Mas também deixei de saber o que podia e não podia escrever aqui. Quando se dirige um jornal, tem-se outras responsabilidades. Informação? Tem de ser dada no jornal, não posso trazê-la para aqui. Opinião? Como falar aqui do que não digo lá? E que efeitos tem, em termos de jornal, o que eu possa dizer aqui? Passei a não dispor da gramática de leitura do que eu aqui escrevesse. Até porque eu também não dominava inteiramente o que estava afazer no jornal. "O caminho faz-se caminhando". Era a sério.
Não menos importante, se não mesmo o mais importante... Que sentido fazia continuar com este blogue? Que importância tinha dar-lhe continuidade? É verdade que vários amigos me puxaram as orelhas pela minha ausência. Talvez lhes fizesse alguma falta. Ou é presunção minha? Mas isso não é suficiente. Procuro fazer coisas que eu penso que são importantes. A vida é curta demais para fazermos coisas sem sentido. Enquanto eu não visse um sentido que justificasse o tempo e a energia que isto leva, não saberia voltar aqui.

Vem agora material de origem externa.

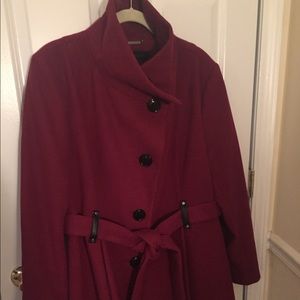 Red winter coat with flare in the back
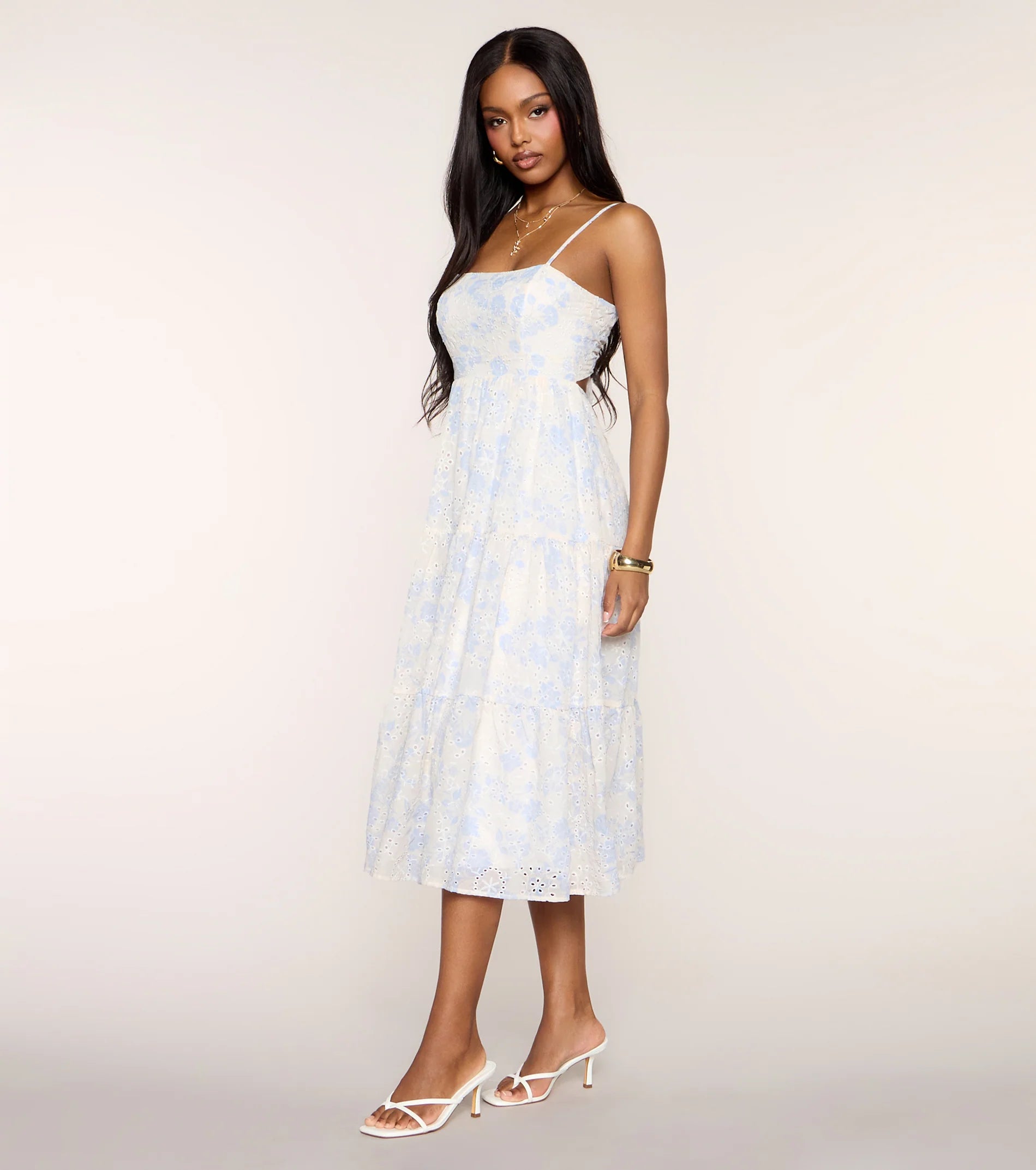 My Cute Side Tie-Back Floral Eyelet Midi Dress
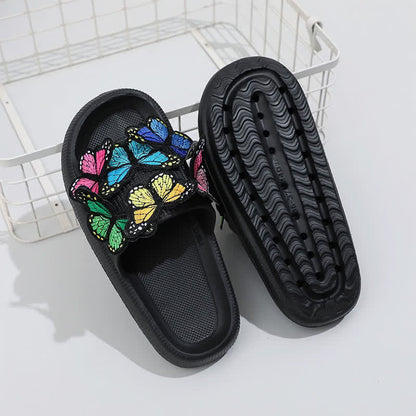 Bunte Schmetterlings- und Wolken-Plattform-Slipper - image 3
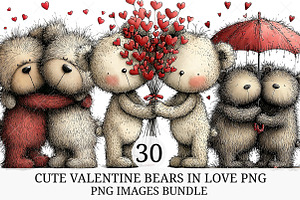 Cute Valentine Bears in Love PNG, an Illustration by Craft Nest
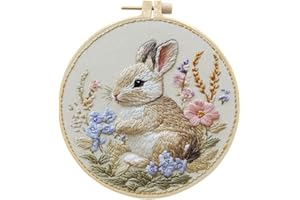 Meecaa Rabbit Flower Animal Chrysanthemum Embroidery Kit Starter Set, Hand Embroidery Set,Pattern Printed Cross Stitch Set fo
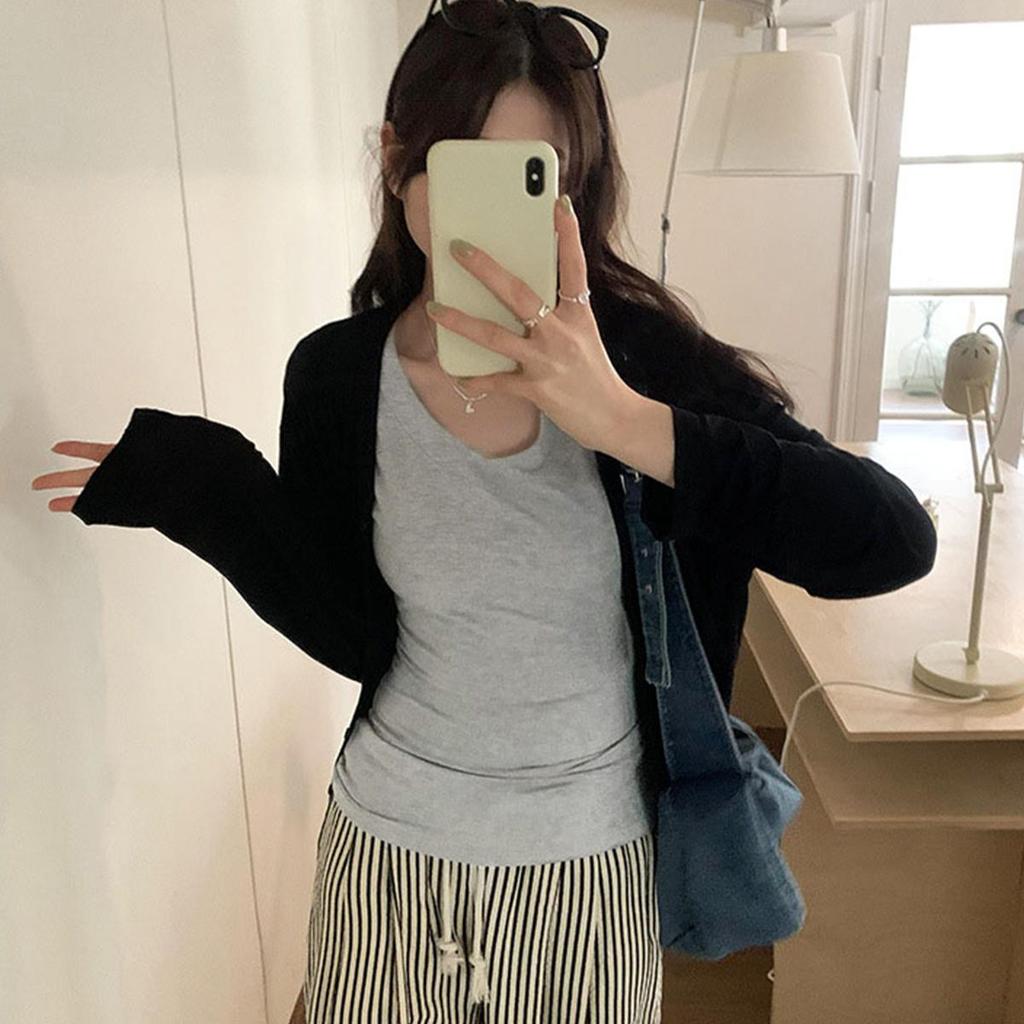 WhiteV-Neckshort Sleeve T-Shirt Women's Casual Loose-Fit Waist-Fitted Top Korean Style Polyester Fiber Summer Clothing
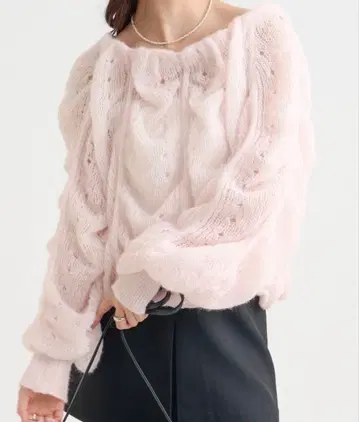 mystic 웨이브 시어 휘핑 니트 핑크 새상품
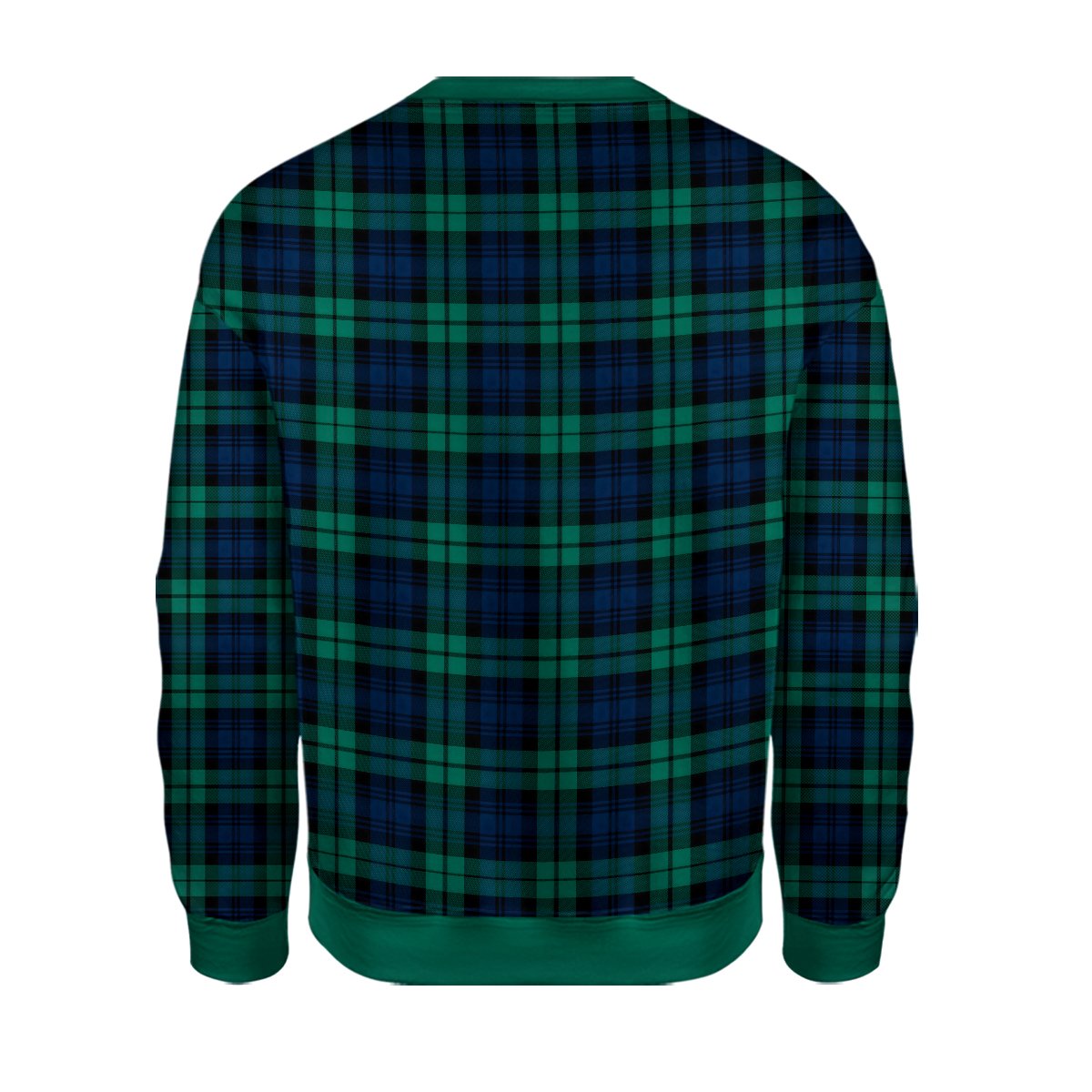 Back view of the green and navy plaid ugly christmas sweater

Só por fazer, não vale a pena.
Quando iniciei os três blogues, era claro, para mim, o que eles iriam ser. E a valor ou a importância que poderiam ter. Se sim ou não, logo se veria. Aliás, este era, para mim, o último em importância. Mas foi o que dominou. O outro, sobre educação, nem chegou a ser conhecido; e o dedicado à filosofia, nem chegou verdadeiramente, a ser começado.
Hoje, regresso. Penso que encontrei o fio à meada, como se diz em linguagem popular. Algo que valha a pena. Se vale, a ver vamos.
Portanto, aviso à navegação. O barco está lançado à água.
(Alguém acredita que já não sei o código de acesso à edição no blogue? Tenho de, por tentativas, ver se é...)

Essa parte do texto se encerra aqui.